Exercise requirements:
Within the records below, reproduce without change the lines from the line that has "Topgear uitdeukset hydraulisch" through the line that has "Sleeve Acme Made", and only those.
[Exercise input Boundary: Start]
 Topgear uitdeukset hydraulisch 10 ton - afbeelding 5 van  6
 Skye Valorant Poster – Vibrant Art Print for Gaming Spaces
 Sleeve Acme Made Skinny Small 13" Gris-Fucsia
[Exercise input Boundary: End]
[Exercise input Boundary: Start]
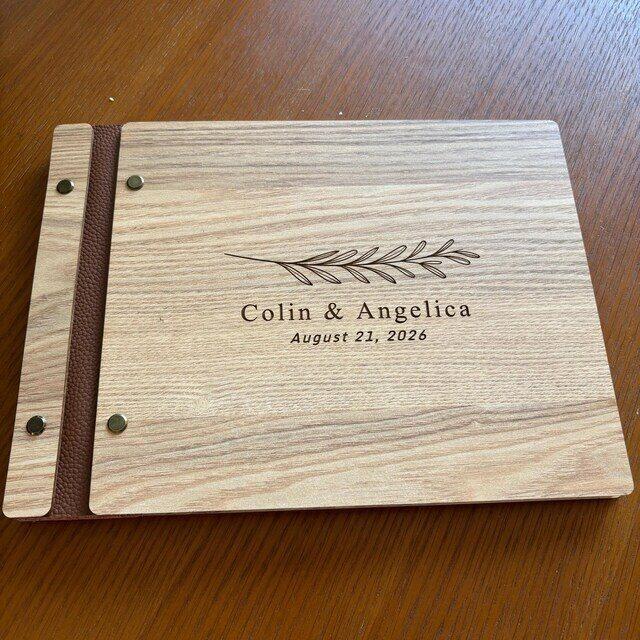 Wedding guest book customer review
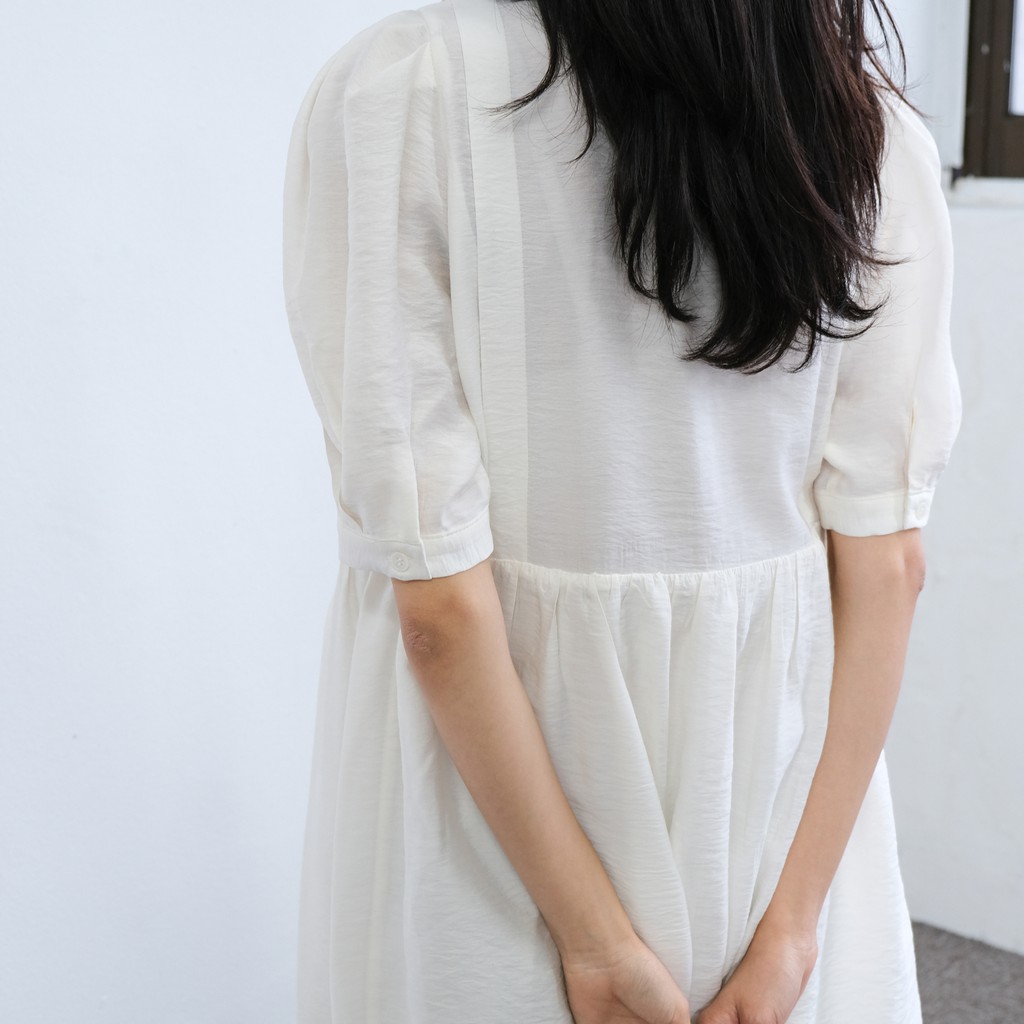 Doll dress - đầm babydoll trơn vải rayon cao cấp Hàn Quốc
[Exercise input Boundary: End]
Exercise response:
 Topgear uitdeukset hydraulisch 10 ton - afbeelding 5 van  6
 Skye Valorant Poster – Vibrant Art Print for Gaming Spaces
 Sleeve Acme Made Skinny Small 13" Gris-Fucsia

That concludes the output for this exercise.